Terminology: Visible light has a wavelength from 400-725nm, aka photosynthetically active radiation (PAR), NIR light has a wavelength from 725-1100nm.

The fundamental reason why a conventional opaque Si PV panel can’t be put on the roof of a greenhouse is that it competes with plants for sunlight, particularly the PAR. The chlorophylls in the leaves absorb both blue and red light to drive the photosynthetic reactions. The green light, even though not heavily absorbed, still plays a role in driving photosynthesis deeper within the leaves. It also plays an important role during fructification. Thus, the whole visible light band coincides well with PAR. The conventional Si panel absorbs sunlight up to 1100nm, which covers the PAR and the NIR. Clearly, Si panels take away all the PAR that crops need to thrive, thereby impeding agricultural activities. 

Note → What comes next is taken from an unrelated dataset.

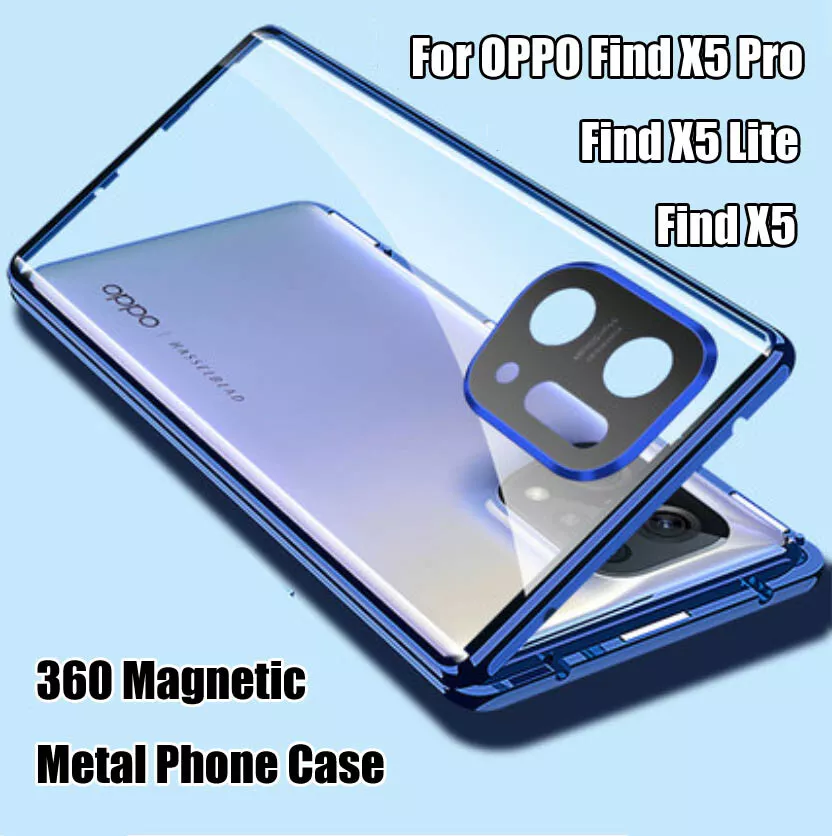 360° Magnetic Metal Phone Case for OPPO Find X5 Pro Dual Sided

The VIS and NIR light bands are illustrated on an AM1.5G solar spectrum. The VIS photons are more energetic than the that in the NIR. They account for about 44% of the total solar irradiance while the NIR photons account for another 31%. However, the number of photons in both bands are almost equal. Therefore, they are equivalent from a photovoltaic point of view, although the low-energy NIR photons cannot drive the photosynthesis process because their energy is below the threshold of chlorophyll’s absorption edge, while VIS photons have enough energy to drive the process. However, the VIS and NIR photons generate the same photocurrent in the Si PV panel, thereby giving an opportunity to split the photons off for different uses. Ideally, we want to let VIS pass for photosynthesis but intercept NIR for electricity. Directing NIR photons to Si PV panels also reduces thermalization loss as they are low energy photons, thereby improving overall solar energy utilization efficiency.

The Agri-Solar module is static on the roof structure. Therefore it is important for the designer to consider the Sun’s motion in the sky. With the help of our collaborators, an optical simulation was performed with a set of geo-parameters. The simulation predicts the design will have +/- 25° of the field of view to compensate for Sun’s elevational change (left Figure). 

The test results agreed with the simulation well (right Figure). The red line in the Figure is the power without NIR collection. We can see a max of 70% power boost by NIR collection (the blue line).